[ntp:questions] Asymmetric Delay and NTP

Magnus Danielson magnus at rubidium.dyndns.org
Mon Mar 17 22:21:50 UTC 2014


Joe,

On 16/03/14 23:16, Joe Gwinn wrote:
> I recall seeing something from Dr. Mills saying that a formal proof had
> been found showing that no packet-exchange protocol (like NTP) could
> tell delay asymmetry from clock offset.  Can anyone provide a reference
> to this proof?

It's relative simple.

You have two nodes (A and B) and a link in each direction (A->B and B->A).

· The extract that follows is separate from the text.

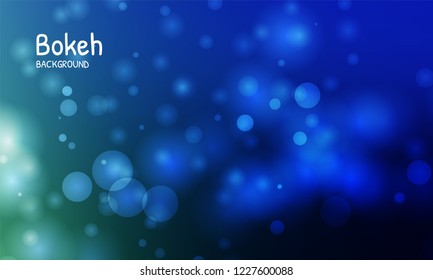 Blue color background. Blur bokeh light effect. Abstract vector illustration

You have three unknowns, the time-difference between the nodes (T_B - 
T_A), the delay from node A to B (d_AB) and the delay from node B to A 
(d_BA).

You make two observations of the pseudo-range from node A to node B 
(t_AB) and from node B to node A (t_BA). These are made by the source 
announcing it's time and the receiver time-stamping in it's own time 
when it occurs.

t_AB = T_B - T_A + d_AB
t_BA = T_A - T_B + d_BA

We thus have three unknowns and two equations. You can't solve that.
For each link you add, you add one observation and one unknown. For each 
node and two links you add, you add three unknowns and two observations. 
You can't win this game.

There are things you can do. Let's take out observations and add them, 
then we get

RTT = t_AB + t_BA = (T_B - T_A) + d_AB + (T_A - T_B) + d_BA
     = d_AB + d_BA

Now, that is useful. If we diff them we get

/|T = t_AB - t_BA = (T_B - T_A) + d_AB - (T_A - T_B) - d_BA
     = 2(T_B - T_A) + d_AB - d_BA

TE = /|T / 2 = T_B - T_A + (d_AB - d_BA)/2

So, diffing them gives the time-difference, plus half the asymmetric delay.
If we assume that the delay is symmetric, then we can use these measures 
to compute the time-difference between the clocks, and if there is an 
asymmetry, it *will* show up as a bias in the slave clock.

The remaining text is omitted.